Euro - crisis over?
Is this the beginning of the end of the Eurozone debt crisis? Plus: are insider traders doing us all a favour and Lucy Kellaway asks if women make better leaders?
We cover three very different stories on Business Daily today - the Eurozone debt crisis, insider trading and whether women make better leaders.
"We find ourselves in a terrible situation", that's what Portugal's new prime minister said in his victory speech on Sunday night. It is not a very triumphant sentiment but the country's new Social Democratic government does not have a pleasant job ahead.
The new goverment has agreed to make deep cuts in government spending and extensive economic reforms in order to, the country's new PM said, restore international confidence in Portugal.
And, there is news from Europe's other debtor nations too. International lenders say they are close to agreeing a new rescue package for Greece. So is this the beginning of the end of the Eurozone's simmering debt crisis?
Justin Rowlatt interviews Professor Iain Begg at the London School of Economics.
Plus - should insider trading really be considered a crime?
Last month the American government won an historic victory against insider trading when Raj Rajaratnam, the boss of Galleon Group, a large hedge fund, was convicted of 14 counts of securities fraud and insider trading.

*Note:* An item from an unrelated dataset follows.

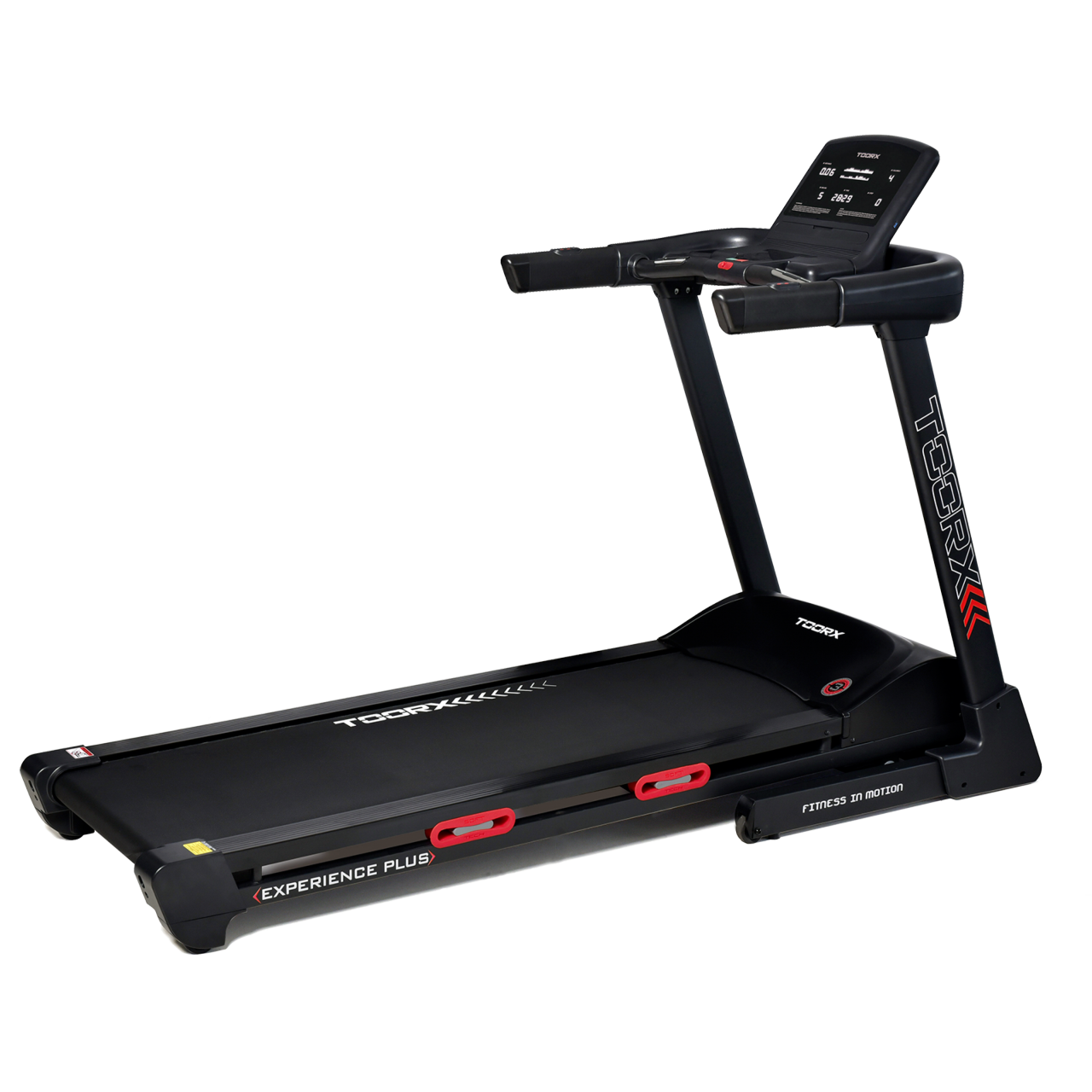 TOORX Laufband Experience Plus HRC (App ready)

The court found Mr Rajaratnam had made profits of $64 million by trading based on tips from a wide network of contacts in some of America's most prestigious firms including Goldman Sachs, Google and Intel.
Here at Business Daily we like to think the unthinkable and we've been wondering whether all insider trading should really be considered a crime. Doesn't economic theory suggest that the more information in a market the more efficiently it will operate? Justin Rowlatt discusses this contentious claim with Professor Robert McGee of Florida International University and Jacob Frenkel a former federal prosecutor who specialises in white collar crime.
And finally - do women make better leaders?
Christine Lagarde offered four key areas of expertise when she launched her bid to be the new head of the IMF. She said she would bring to the job all her "experience as a lawyer, a minister, a manager and a woman".
That got our regular commentator Lucy Kellaway of the Financial Times thinking: the first three strands of experience are self-explanatory but what about the fourth? What special experience might Ms Lagarde have gained as a woman and how might it be relevant to a job at an international institution like the IMF?